500 ans des réformes – Femmes et hommes ensemble au service

 Dans 500 ans des Réformes, Blog

Neuvième article de cette série, par Marianne Goldschmidt, qui plaide pour une juste place faite aux femmes et aux hommes dans l’Eglise !

Dans le contexte des 500 ans des Réformes au 16e siècle, nous continuons à rêver aux évolutions dont auraient besoin nos Eglises. Sans conteste, nous pouvons reconnaître que, au cours de l’histoire de ces années, d’une manière très variable selon les milieux d’Eglise, un certain féminisme a trouvé sa place dans les communautés de foi en Jésus-Christ. Comment en assurer un juste bénéfice pour tous si nous ne voulons pas que ce soit aux dépens de nos frères ? Comment avancer ensemble hommes et femmes dans la vie de nos Eglises qui cherchent à être témoins de Jésus ?

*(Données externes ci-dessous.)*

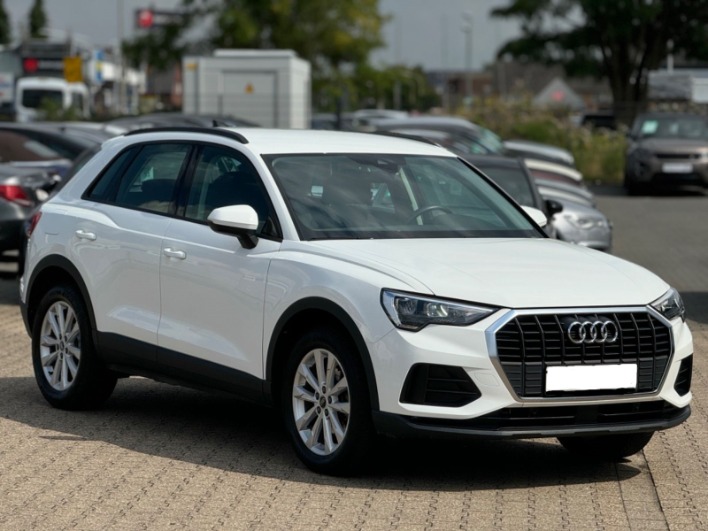 "2021 Audi Q3 35 2.O TDI Digitale Touchscreen"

Certains considèrent que parler de féminisme religieux est antinomique. Par définition, les religions monothéistes ont favorisé le pouvoir des hommes et leur domination sur les femmes. Non pas que la loi ou les textes religieux soient misogynes à la base – plus d’une femme, sans qu’elle soit féministe affichée, y trouve une source de libération et de réconfort. Liliane Vana[1], talmudiste et philologue, spécialiste de la Halakha, la Loi juive, est fascinée par les textes de la Tora tout en déplorant que cette Loi n’est pas appliquée.

Nous pouvons pourtant reconnaître, comme Michel Rocard cité par Irène Frachon : « Le protestantisme m’est souvent apparu comme l’une des religions les moins coupables dans l’asservissement des hommes et notamment, critère majeur, des femmes.[2] »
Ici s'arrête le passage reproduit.